__Given entries__.
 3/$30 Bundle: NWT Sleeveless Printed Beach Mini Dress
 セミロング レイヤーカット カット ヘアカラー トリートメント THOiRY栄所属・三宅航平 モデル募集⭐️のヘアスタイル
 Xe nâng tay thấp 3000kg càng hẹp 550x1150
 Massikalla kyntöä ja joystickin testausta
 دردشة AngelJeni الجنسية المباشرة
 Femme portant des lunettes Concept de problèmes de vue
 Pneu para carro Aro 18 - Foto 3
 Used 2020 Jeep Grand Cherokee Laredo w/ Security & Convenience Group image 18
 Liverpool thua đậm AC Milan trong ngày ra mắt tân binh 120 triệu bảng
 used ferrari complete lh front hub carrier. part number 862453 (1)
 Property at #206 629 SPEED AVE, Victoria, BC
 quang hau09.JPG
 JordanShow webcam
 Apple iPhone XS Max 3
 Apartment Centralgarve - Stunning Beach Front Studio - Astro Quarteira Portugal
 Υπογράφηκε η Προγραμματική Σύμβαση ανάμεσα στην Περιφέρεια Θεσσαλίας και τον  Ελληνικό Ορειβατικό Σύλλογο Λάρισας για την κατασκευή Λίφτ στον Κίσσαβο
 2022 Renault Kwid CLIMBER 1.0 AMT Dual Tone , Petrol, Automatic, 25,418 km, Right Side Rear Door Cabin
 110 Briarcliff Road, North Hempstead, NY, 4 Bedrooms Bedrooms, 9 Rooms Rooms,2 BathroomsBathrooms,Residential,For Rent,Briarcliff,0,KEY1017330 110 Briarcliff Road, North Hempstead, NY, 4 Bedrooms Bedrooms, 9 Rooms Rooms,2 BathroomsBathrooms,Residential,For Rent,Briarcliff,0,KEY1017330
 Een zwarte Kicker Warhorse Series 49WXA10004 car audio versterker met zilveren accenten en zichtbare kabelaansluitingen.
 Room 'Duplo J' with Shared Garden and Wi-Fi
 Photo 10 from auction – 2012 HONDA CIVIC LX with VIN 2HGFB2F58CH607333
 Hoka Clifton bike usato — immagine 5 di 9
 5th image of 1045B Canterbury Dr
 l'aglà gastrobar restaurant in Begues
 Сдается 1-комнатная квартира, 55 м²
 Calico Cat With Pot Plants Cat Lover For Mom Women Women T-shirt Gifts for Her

__Problem requirements__. Print exactly the lines between the line with "Photo 10 from" and the final line of the records above, both included.

__Solution below__.
 Photo 10 from auction – 2012 HONDA CIVIC LX with VIN 2HGFB2F58CH607333
 Hoka Clifton bike usato — immagine 5 di 9
 5th image of 1045B Canterbury Dr
 l'aglà gastrobar restaurant in Begues
 Сдается 1-комнатная квартира, 55 м²
 Calico Cat With Pot Plants Cat Lover For Mom Women Women T-shirt Gifts for Her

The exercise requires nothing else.